When we first meet Kane (let’s ignore the obviously digital establishing shots that open the film and pop up throughout), he and his men are invading a castle in search of treasure and murdering all those in their path.
He gets more than he bargained for, however, when he comes face-to-face and sword-to-sword with the Devil’s Reaper, who has come to collect his soul (for reasons, uh, less than fully explained). It’s a dynamite opening, operating at a larger scale than the film’s budget would indicate, and sets the tone for the rest of the film.
Later, Kane (effectively played by James Purefoy with a Hugh Jackman-like swagger) has renounced his evil ways but is kicked out of the monastery that has served as his sanctuary (because, uh, one of the monks had a ‘vision’).

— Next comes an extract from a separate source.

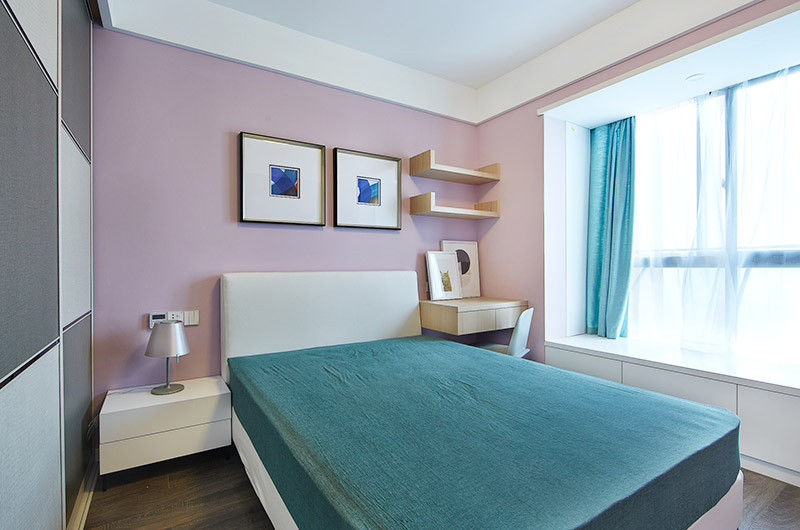 唯美淡紫色简约风卧室背景墙设计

He begins a journey back to his home land, which he left as a child (in flashbacks, Max von Sydow plays his father), refusing to even defend himself against a gang of robbers. On his way, he encounters the benevolent Crowthorn family, headed by patriarch William (Pete Postlewaite), who offers to aid him in his journey.
But the lands are ravaged by evil, and soon Solomon finds himself drawn back into a world of violence, which he uses – for good, this time – to save his soul.
For the main plot thread in the film, the logistics of soul-taking and soul-saving are pretty thinly sketched; we seem to be going by hearsay most of the time, with the Reaper claiming Kane made a deal with the devil and lost his soul, and William saying he can do something else to save it. But at this point I’m looking too deep: it’s clear who is good and who is evil here, now let’s get down to the action.
In this regard, Solomon Kane doesn’t disappoint. Fights are brutal and bloody, and shot and edited in a manner that actually lends itself to visual comprehension. Imagine that, we can understand what’s happening.
It’s also appropriately creepy, with memorable characters like the Reaper and the mask-wearing Overlord, and one standout sequence involving a demented priest (MacKenzie Crook) and his brethren of cannibalistic post-humans.
But that ending, in which Kane squares off against a hulking mess of digital goo (the rest of the film, apart from the establishing shots, had avoided the overuse of CGI); it’s a real deal-breaker. It’s over with relatively quick, but I mourn what could have been.